Frankfurt am Main (pia) Ohne den Gerichtschemiker wäre der Giftmörder wohl nie aufgeflogen. Am 14. April 1913 wurde der Fechtmeister Karl Hopf verhaftet, nachdem er gerade seine Frau Walli im Diakonissenkrankenhaus besucht hatte. Der behandelnde Arzt hatte Verdacht geschöpft, dass Hopf versucht haben könnte, seine Frau zu vergiften, und die Polizei verständigt. Schon zur Durchsuchung von Hopfs Wohnung am selben Tag wurde der Gerichtschemiker Dr. Georg Popp bestellt: Zusammen mit den Kriminalbeamten entdeckte er ein ganzes Laboratorium voller schwerer Gifte und tödlicher Bazillenkulturen, die „Hopf’sche Pandorabüchse“, die ganz Frankfurt hätte ausrotten können, wie der Frankfurter General-Anzeiger entsetzt berichtete. In früheren Jahren hatte Hopf vermutlich bereits seine Eltern, seine erste und seine zweite Ehefrau sowie seine beiden Kinder ermordet, um sich dadurch vorzeitig in den Besitz der Erbschaft bzw. hoher Lebensversicherungssummen zu bringen.

Die Verhandlung glich einem gerichtsmedizinischem Kolloquium

Bei den folgenden Untersuchungen der Opfer in seinem chemischen Laboratorium fand Popp eindeutig Arsen.
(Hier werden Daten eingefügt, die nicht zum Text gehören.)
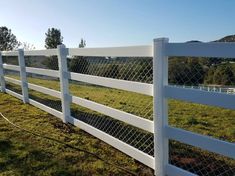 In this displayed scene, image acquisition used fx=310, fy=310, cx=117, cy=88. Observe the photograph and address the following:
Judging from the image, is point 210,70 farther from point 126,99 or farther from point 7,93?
point 7,93

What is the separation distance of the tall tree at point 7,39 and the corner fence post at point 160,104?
1913 inches

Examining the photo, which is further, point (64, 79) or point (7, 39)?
point (7, 39)

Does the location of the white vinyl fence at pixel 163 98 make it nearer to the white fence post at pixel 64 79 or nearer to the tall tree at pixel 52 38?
the white fence post at pixel 64 79

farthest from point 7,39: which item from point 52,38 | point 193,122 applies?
point 193,122

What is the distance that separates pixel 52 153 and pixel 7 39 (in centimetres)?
4844

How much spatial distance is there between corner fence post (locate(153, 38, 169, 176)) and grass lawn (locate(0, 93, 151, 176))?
0.48 m

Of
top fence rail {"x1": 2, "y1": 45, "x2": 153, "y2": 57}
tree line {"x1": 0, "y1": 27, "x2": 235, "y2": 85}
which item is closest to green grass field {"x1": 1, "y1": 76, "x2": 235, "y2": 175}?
tree line {"x1": 0, "y1": 27, "x2": 235, "y2": 85}

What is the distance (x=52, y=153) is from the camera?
5039 mm

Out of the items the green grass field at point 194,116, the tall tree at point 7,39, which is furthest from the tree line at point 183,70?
the tall tree at point 7,39

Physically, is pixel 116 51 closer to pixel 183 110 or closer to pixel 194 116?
pixel 194 116

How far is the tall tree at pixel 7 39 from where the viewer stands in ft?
160

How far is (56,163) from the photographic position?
4625mm

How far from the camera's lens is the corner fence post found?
379cm

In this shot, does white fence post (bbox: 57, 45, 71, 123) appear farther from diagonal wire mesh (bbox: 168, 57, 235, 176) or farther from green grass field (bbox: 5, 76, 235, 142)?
diagonal wire mesh (bbox: 168, 57, 235, 176) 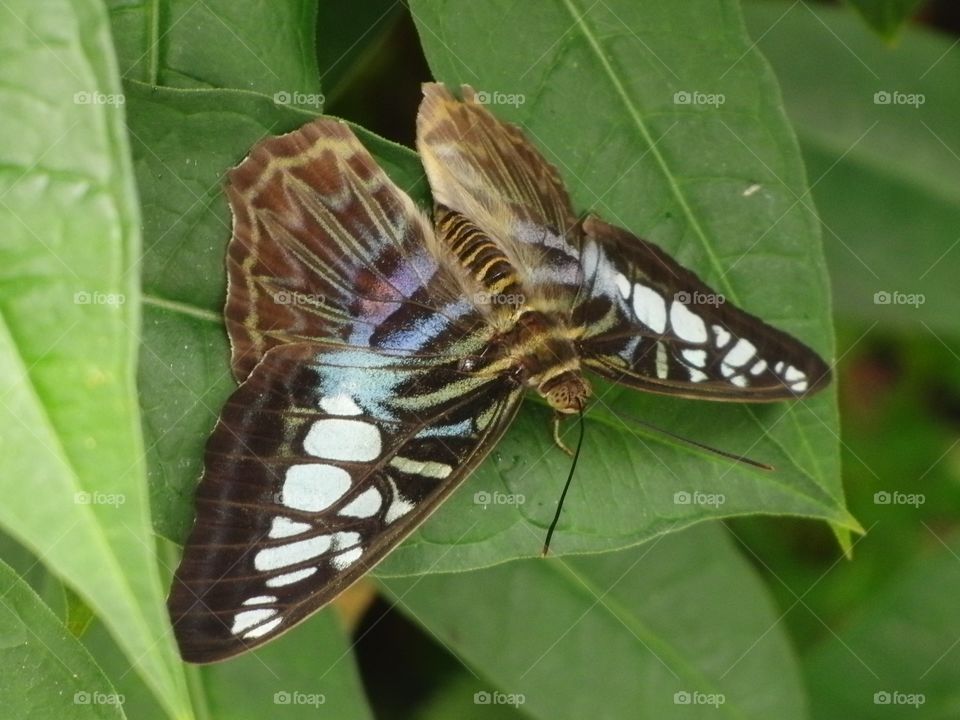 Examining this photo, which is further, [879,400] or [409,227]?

Dabei gelang es ihm erstmals, auch in der Asche eines Verstorbenen, nämlich der feuerbestatteten Mutter, den Gehalt dieses Gifts nachzuweisen und zu bestimmen. Die wissenschaftlichen Methoden, die der Chemiker anwandte, waren so neuartig, dass er sie im Prozess gegen Hopf vor dem Frankfurter Schwurgericht im Januar 1914 selbst vor Sachverständigen immer wieder erläutern und verteidigen musste. So glich die Verhandlung zeitweise eher einem gerichtsmedizinischen Kolloquium. Doch dem Angeklagten nützte es nichts, auch wenn er den Arsengehalt seiner verstorbenen Angehörigen mit den merkwürdigsten Erklärungen rechtfertigte, etwa dass der Vater eben zu viel Offenbacher Wasser getrunken und seine erste Frau eine Schönheitskur mit Arsenpillen gemacht habe. Karl Hopf wurde zum Tode verurteilt – in dem wohl weltweit ersten Indizienprozess, in dem es einem Gerichtschemiker gelungen war, aufgrund seiner naturwissenschaftlichen Analysen einen Giftmörder zu überführen.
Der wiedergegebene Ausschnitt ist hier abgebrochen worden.